(Dataset items)
┏━━

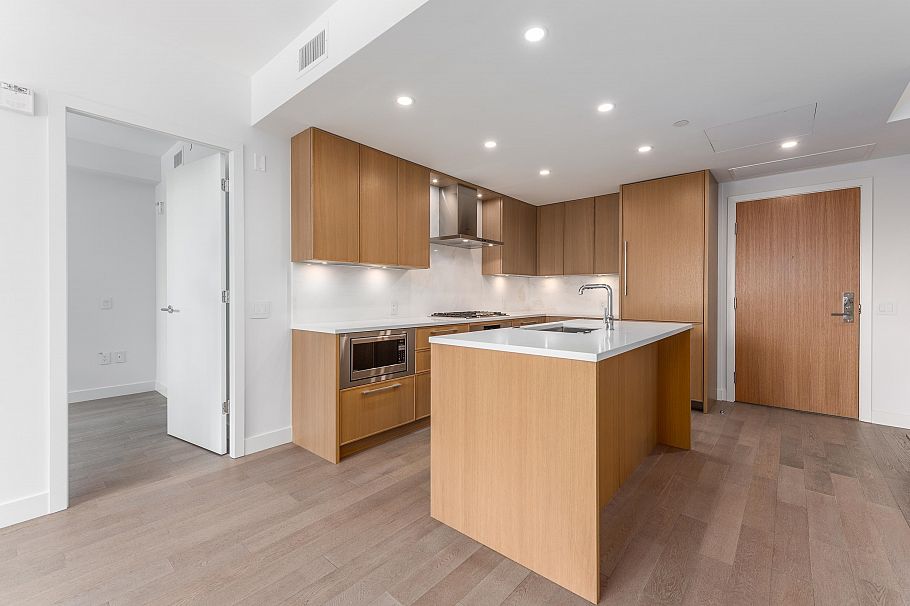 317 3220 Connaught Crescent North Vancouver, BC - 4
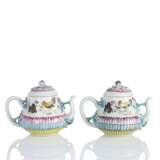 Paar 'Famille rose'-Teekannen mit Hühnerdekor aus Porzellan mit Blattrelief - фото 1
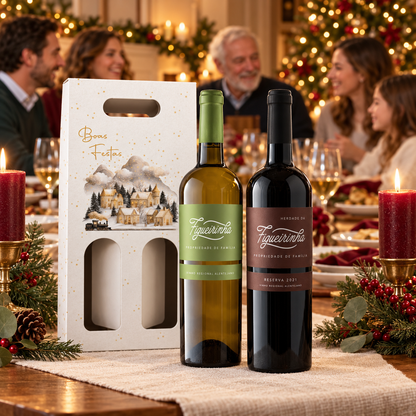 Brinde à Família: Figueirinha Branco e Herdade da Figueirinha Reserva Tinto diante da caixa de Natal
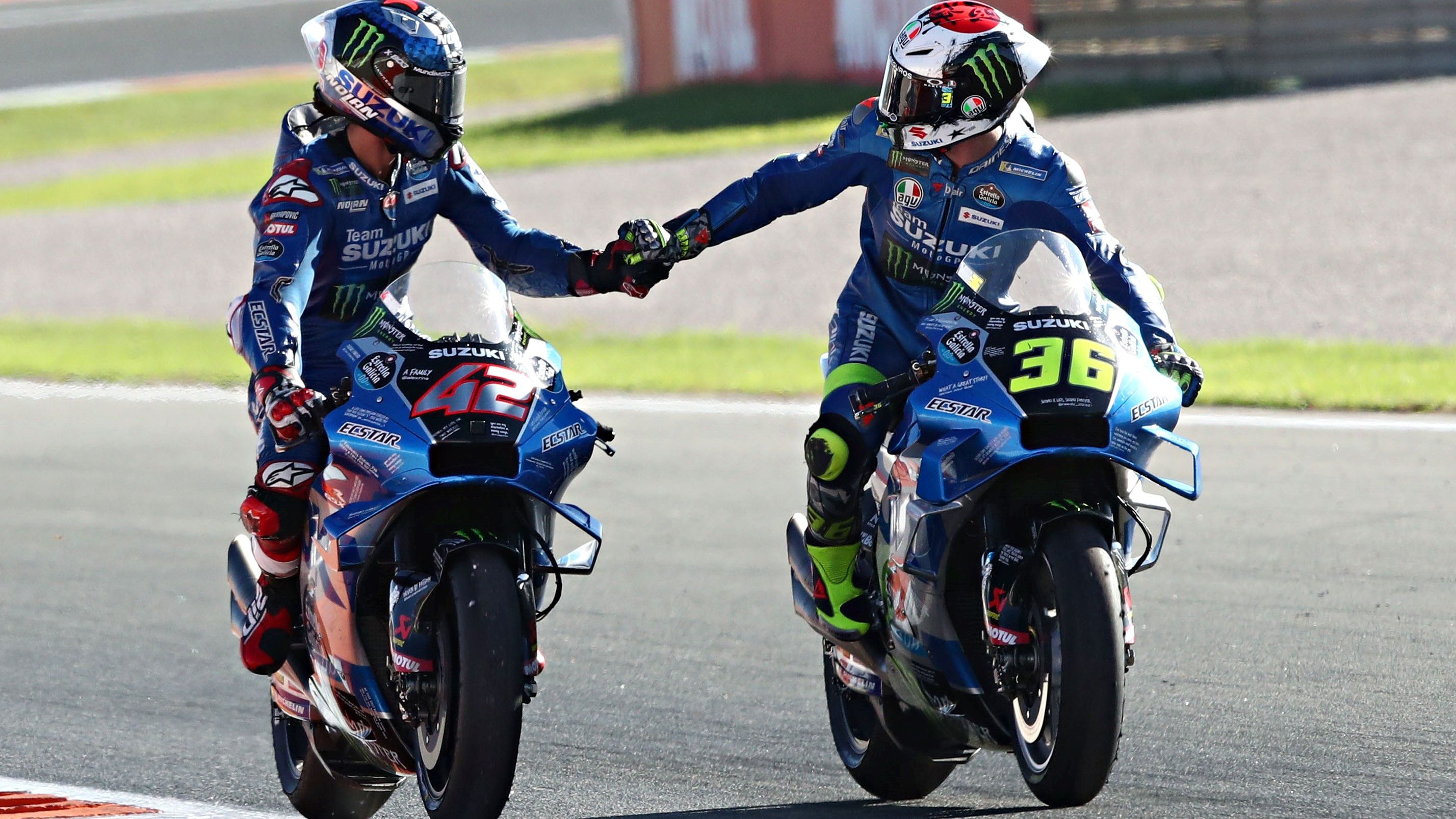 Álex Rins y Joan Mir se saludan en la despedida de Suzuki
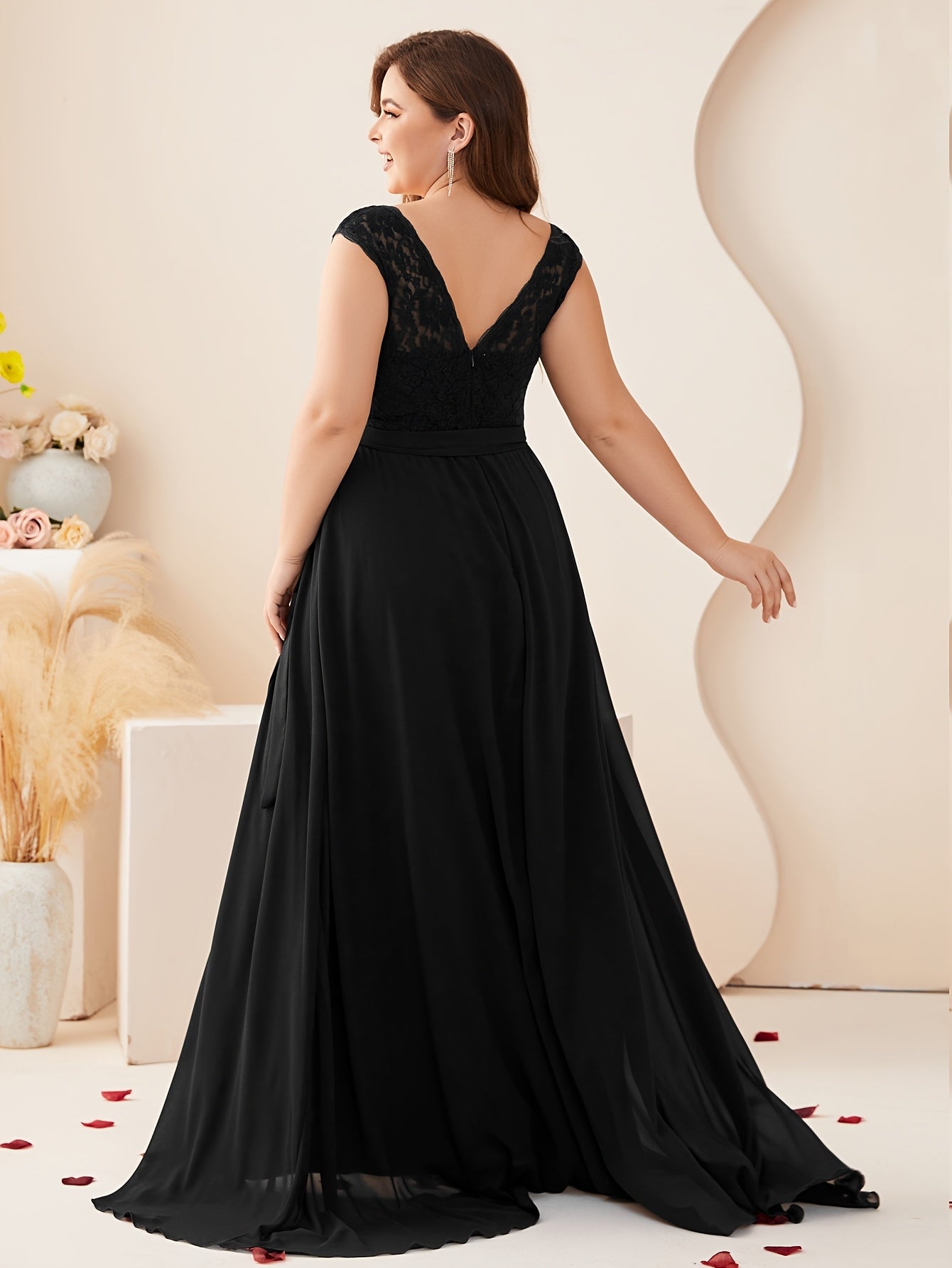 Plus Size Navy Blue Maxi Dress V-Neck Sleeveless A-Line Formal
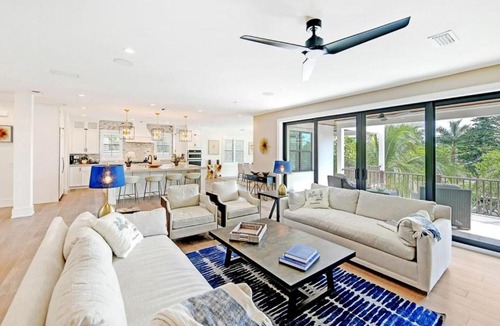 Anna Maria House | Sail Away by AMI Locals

┗━━

Skipping any pictures, copy the entries exactly as they appear.

 317 3220 Connaught Crescent North Vancouver, BC - 4
 Paar 'Famille rose'-Teekannen mit Hühnerdekor aus Porzellan mit Blattrelief - фото 1
 Brinde à Família: Figueirinha Branco e Herdade da Figueirinha Reserva Tinto diante da caixa de Natal
 Álex Rins y Joan Mir se saludan en la despedida de Suzuki
 Plus Size Navy Blue Maxi Dress V-Neck Sleeveless A-Line Formal
 Anna Maria House | Sail Away by AMI Locals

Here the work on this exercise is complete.